Gerçek Kitapseverler Ailesinin Tolstoy grubu olarak külliyat okumalarımız devam ediyor. Gelelim yazarın gözlem yeteneğinin kaleme döküldüğü ve kalemindeki ustalığa bir kez daha hayran bırakan eserine. Tolstoy savaşları bizzat içerisinde görmüş, cephelerde bulunmuş biridir. Savaş ve Barış’ı okuduğumda eserin uzunluğu ve detayları mı desem bir şeyler eksik kalmıştı bende ve tekrar okumalıyım dedim. Bu eseri de savaşı anlatıyor ama en önemli farkı ve özelliği savaşı yazarcasına değil izletircesine anlatmış okurlara. Savaşın nasıl bir şey olduğunu cephedeki askerlerin neler yaşadığını, hislerini, acılarını aklınıza gelebilecek ve gelemeyecek herşeyi etkileyici bir şekilde kaleme almış.

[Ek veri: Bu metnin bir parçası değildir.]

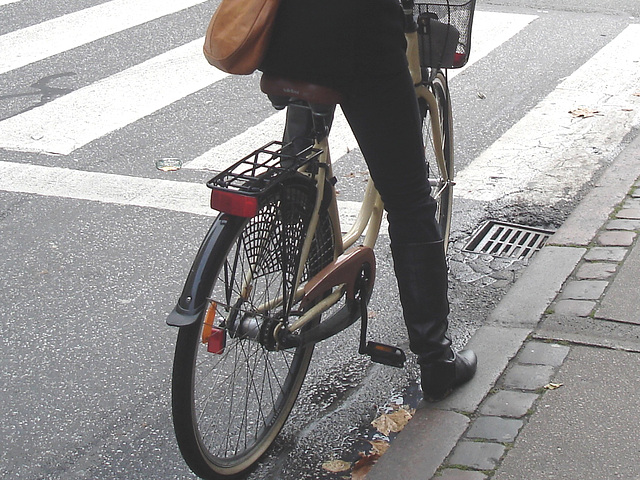Jolie cycliste d'âge mur en bottes à talons plats / Art & frame mature biker in flat boots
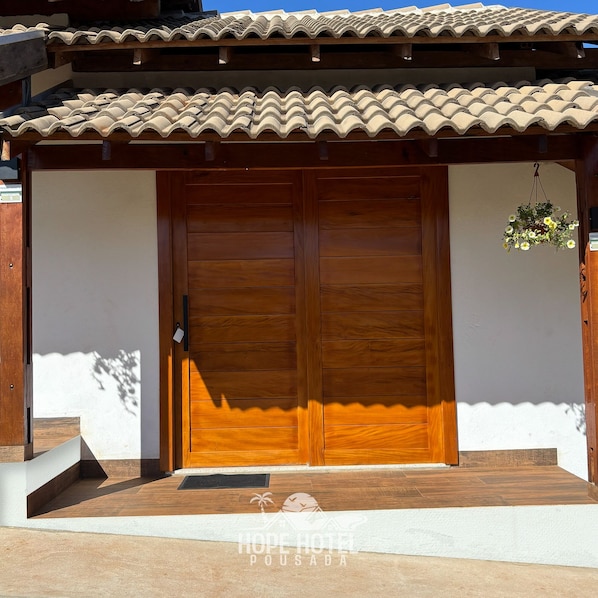 Escritorio, espacio para trabajar con laptop y wifi gratis 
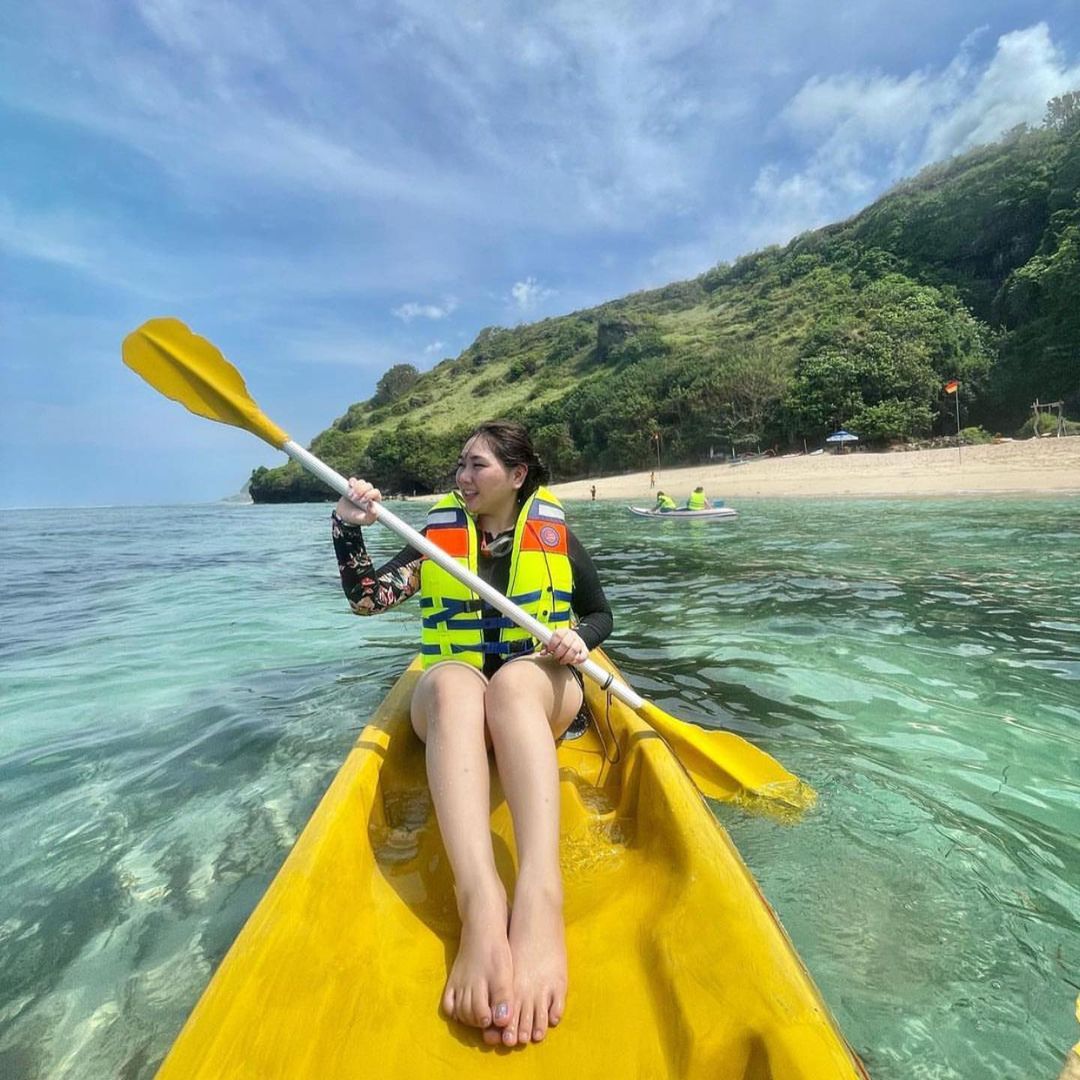 Main kano di Pantai Gunung Payung, Desa Kutuh, Kuta Selatan, Bali.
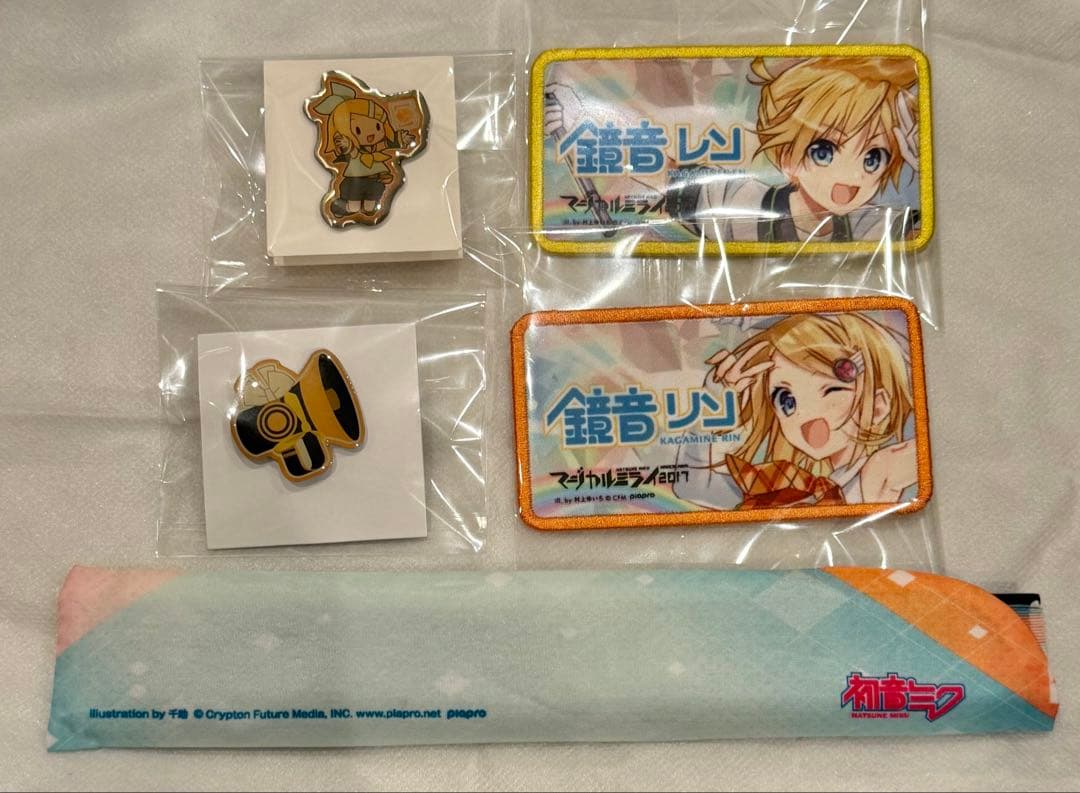 初音ミク マジカルミライ 鏡音リン 鏡音レン グッズ ワッペンバッジ 扇子など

Sivastopol kuşatması 1854- 1855 yıllarında Birleşik Krallık,Fransa ve Osmanlı ittifakiyla Rusya arasında cereyan eden Kırım Savaşı sırasında oluşan bir cephedir. Savaşın taraflarından bizimle ilgili olmasından bağımsız bir şekilde askerlerin yaşadığı ölüm korkusu, zorluklar yani görünenin arkasında neler olduğunu anlamak daha doğrusu hissetmek için okumanızı tavsiye ederim.
Yer yer durağan bir anlatım oluşuyor ama bir anda sizi savaşın içine acının içine öyle bir çekiyor ki kitabı elinizden bırakamıyorsunuz.
“Benim öykümün kahramanı, hakikattir: Ruhumun bütün gücüyle sevdiğim ve olanca güzelliğiyle canlandırmaya çalıştığım, hakikat... hep en güzeldi o, her zaman da en güzel olarak kalacak.”
"Korku bir kez yüreğe sızdı mı, artık başka duyguya yer bırakmaz."
“Ölü bedenlerden yayılan korkunç ağır bir koku kaplamıştı havayı.”